The United Kingdom, which left the European Union in 2020, has been pursuing its own post-Brexit trade realignment, and India represents one of the world's fastest-growing large economies and a significant source of services exports and diaspora investment into Britain.
Stakeholders and Impact
The agreement's near-total tariff elimination on Indian export lines is expected to benefit sectors that employ large numbers of workers at the lower end of the skills spectrum. Textile manufacturers, leather goods producers, gem and jewellery exporters, and pharmaceutical companies are among the industries most likely to see improved market access into the UK. Indian exporters have historically faced tariff barriers that made their goods less competitive against suppliers from countries with preferential access to the British market.
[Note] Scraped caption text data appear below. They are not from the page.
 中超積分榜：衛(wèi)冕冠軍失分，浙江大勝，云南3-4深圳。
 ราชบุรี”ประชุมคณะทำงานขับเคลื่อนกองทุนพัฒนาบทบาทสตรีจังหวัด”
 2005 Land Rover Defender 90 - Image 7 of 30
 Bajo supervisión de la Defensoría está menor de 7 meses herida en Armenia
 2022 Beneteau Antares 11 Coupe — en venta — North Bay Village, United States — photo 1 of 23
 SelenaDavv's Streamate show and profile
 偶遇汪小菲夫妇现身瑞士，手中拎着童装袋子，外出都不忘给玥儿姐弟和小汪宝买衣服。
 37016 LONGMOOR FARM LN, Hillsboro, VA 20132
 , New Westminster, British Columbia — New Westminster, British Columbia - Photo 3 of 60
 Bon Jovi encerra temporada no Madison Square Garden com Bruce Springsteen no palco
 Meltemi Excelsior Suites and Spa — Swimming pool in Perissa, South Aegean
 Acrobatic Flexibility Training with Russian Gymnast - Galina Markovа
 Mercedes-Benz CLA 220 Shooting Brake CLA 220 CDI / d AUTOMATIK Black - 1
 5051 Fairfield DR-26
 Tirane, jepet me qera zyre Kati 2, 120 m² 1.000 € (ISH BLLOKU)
UK importers and consumers stand to gain from a wider and potentially cheaper range of Indian goods. British businesses with supply-chain exposure to India may also benefit from more predictable rules governing investment and services trade. The agreement is seen as a signal of deepening strategic and economic ties between the two democracies.
What's Next
Analysts and trade bodies will closely watch sectoral utilisation data in the months following the agreement's activation to assess whether Indian exporters are in a position to take advantage of the improved access. Any review clauses or safeguard mechanisms built into the pact could be triggered if import surges affect sensitive domestic industries on either side. The government is expected to run outreach programmes for small and medium exporters to ensure awareness of the new tariff schedules and rules of origin requirements.
The India-UK CETA, if it delivers on the scale described by Minister Reddy, would represent one of the most significant trade agreements India has operationalised and could serve as a template for ongoing negotiations with other major economies.